In the exhibition’s corresponding essay, Dawsey characterizes Hüner’s work as an “allusive universe” — his work pulls from an ever-expanding source bank of references, rooted in diverse fields of knowledge that reach indiscriminately to various moments in art historical, literary, and scientific domains. Hüner constructs topographies of disparate, and often incongruous, components staged in tense relationship to one another. Hüner’s works in salt 6 are fraught with suggestive gestures that are not only allusive, but also elusive. Never offering a complete citation, Hüner’s references are instead oblique and incomplete hints at another source, always pointing elsewhere but never exactly anywhere.

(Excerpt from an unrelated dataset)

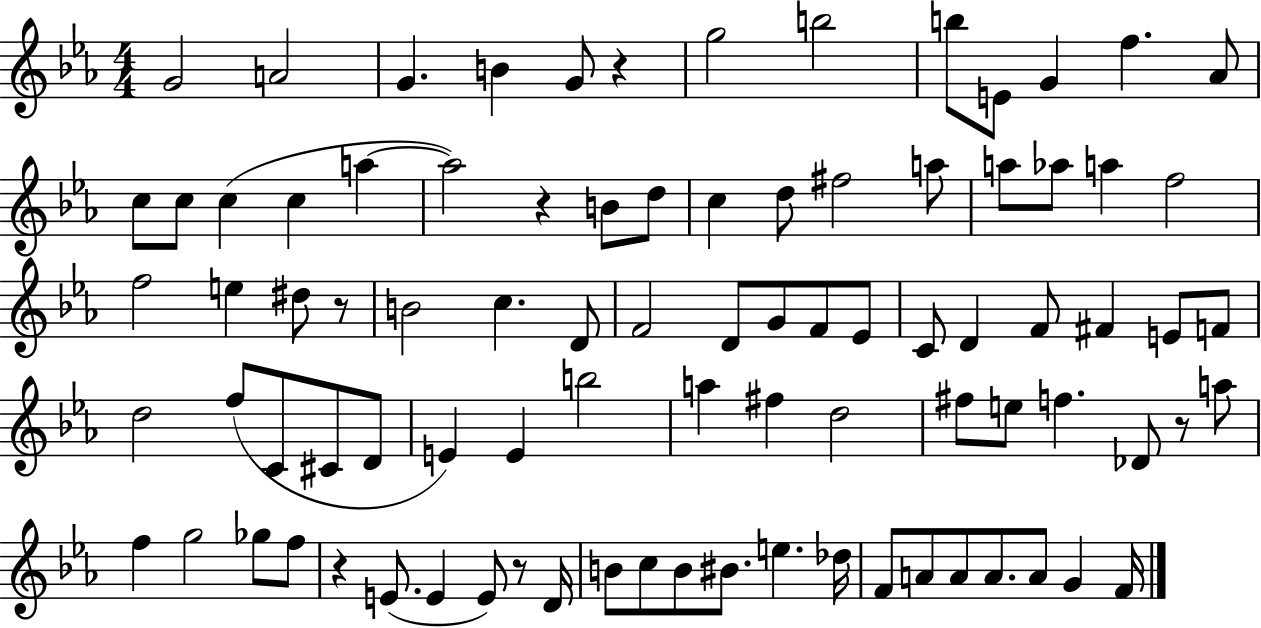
G4/h A4/h G4/q. B4/q G4/e R/q G5/h B5/h B5/e E4/e G4/q F5/q. Ab4/e C5/e C5/e C5/q C5/q A5/q A5/h R/q B4/e D5/e C5/q D5/e F#5/h A5/e A5/e Ab5/e A5/q F5/h F5/h E5/q D#5/e R/e B4/h C5/q. D4/e F4/h D4/e G4/e F4/e Eb4/e C4/e D4/q F4/e F#4/q E4/e F4/e D5/h F5/e C4/e C#4/e D4/e E4/q E4/q B5/h A5/q F#5/q D5/h F#5/e E5/e F5/q. Db4/e R/e A5/e F5/q G5/h Gb5/e F5/e R/q E4/e. E4/q E4/e R/e D4/s B4/e C5/e B4/e BIS4/e. E5/q. Db5/s F4/e A4/e A4/e A4/e. A4/e G4/q F4/s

The effect of these indirect references is a certain sense of alienation. Assembled together under some unidentifiable category, the objects in Hüner’s scenes are in exile, dislocated apparently for purposes of display. An interrogation of practices of presentation (and their consequences) underwrites the exhibition in its entirety. Here the structures of mediation are not silent or supplementary, but rather vocal collaborators that bear weight on the work itself. We cannot ignore the constant flicker and flash of the film, nor the irregular and obtrusive constructions that house the screens. The framing devices are conspicuous and leave no work exempt — the series of drawings, mounted in a neat row on the wall in discrete white frames, are implicated as well by proximity. We become acutely aware of the layers of arbitration that delineate each of the works and the show itself.

Emre Hüner, XV from the series The Shrine of the post hypnotic, 2012, ink on paper, courtesy the artist and Rodeo, Istanbul.

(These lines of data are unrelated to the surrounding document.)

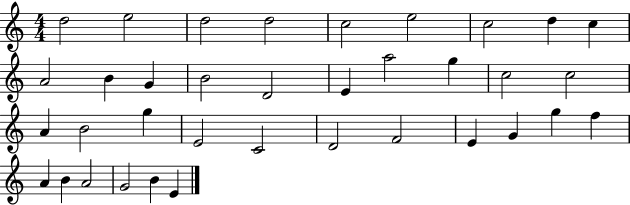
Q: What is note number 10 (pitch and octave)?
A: A4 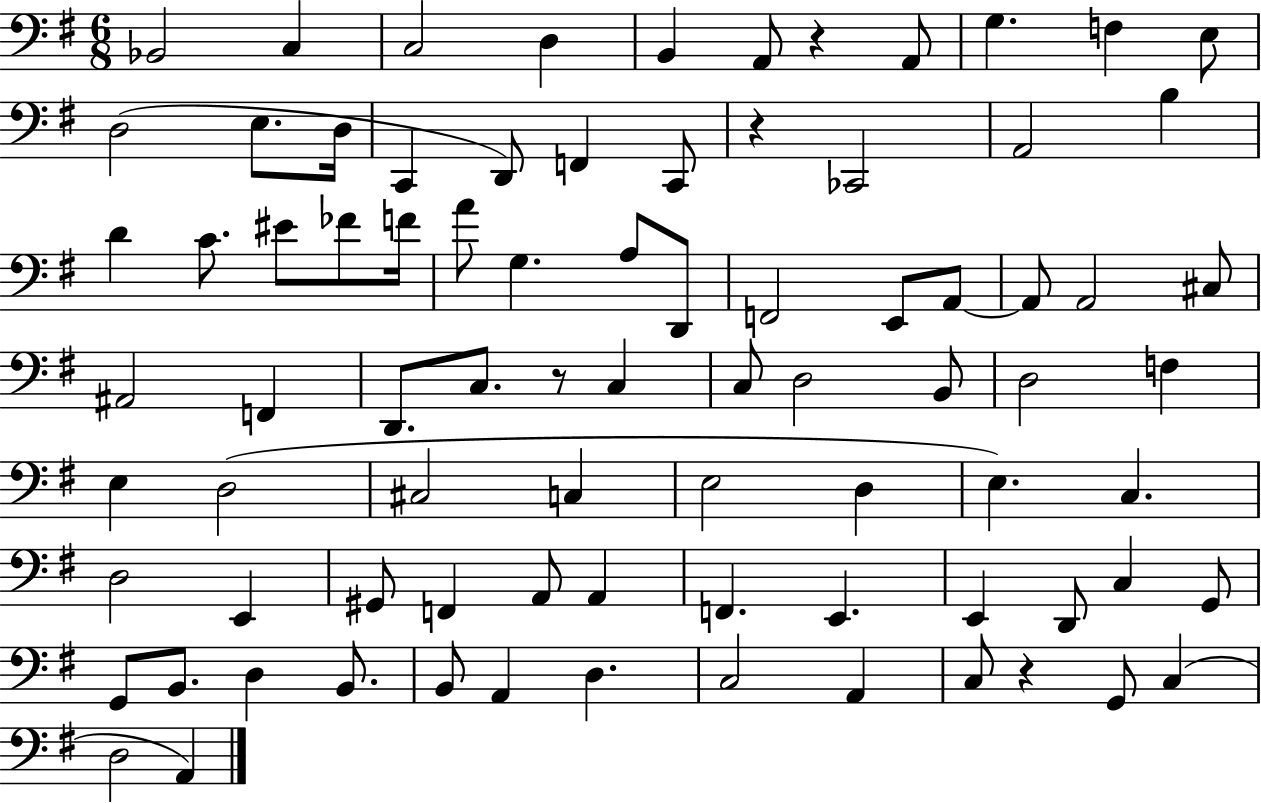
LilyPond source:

{
  \clef bass
  \numericTimeSignature
  \time 6/8
  \key g \major
  bes,2 c4 | c2 d4 | b,4 a,8 r4 a,8 | g4. f4 e8 | \break d2( e8. d16 | c,4 d,8) f,4 c,8 | r4 ces,2 | a,2 b4 | \break d'4 c'8. eis'8 fes'8 f'16 | a'8 g4. a8 d,8 | f,2 e,8 a,8~~ | a,8 a,2 cis8 | \break ais,2 f,4 | d,8. c8. r8 c4 | c8 d2 b,8 | d2 f4 | \break e4 d2( | cis2 c4 | e2 d4 | e4.) c4. | \break d2 e,4 | gis,8 f,4 a,8 a,4 | f,4. e,4. | e,4 d,8 c4 g,8 | \break g,8 b,8. d4 b,8. | b,8 a,4 d4. | c2 a,4 | c8 r4 g,8 c4( | \break d2 a,4) | \bar "|."
}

The climatologic process that “Aeolian Processes” makes reference to in its title — the erosive power of wind in shaping the landscape — is echoed in the transformative force of display. The geologic landscape is malleable to the covert pursuits of wind, just as Hüner’s scenes are subject to the impact of their displacement and re-presentation. Hüner’s recursive technique of bearing new work from the seeds of the old allows us to trace the same forms through many of his works. As they resurface, the forms are largely unchanged; it is instead the variable framing methods that shift our perception and generate new meanings. The story changes every time it is told.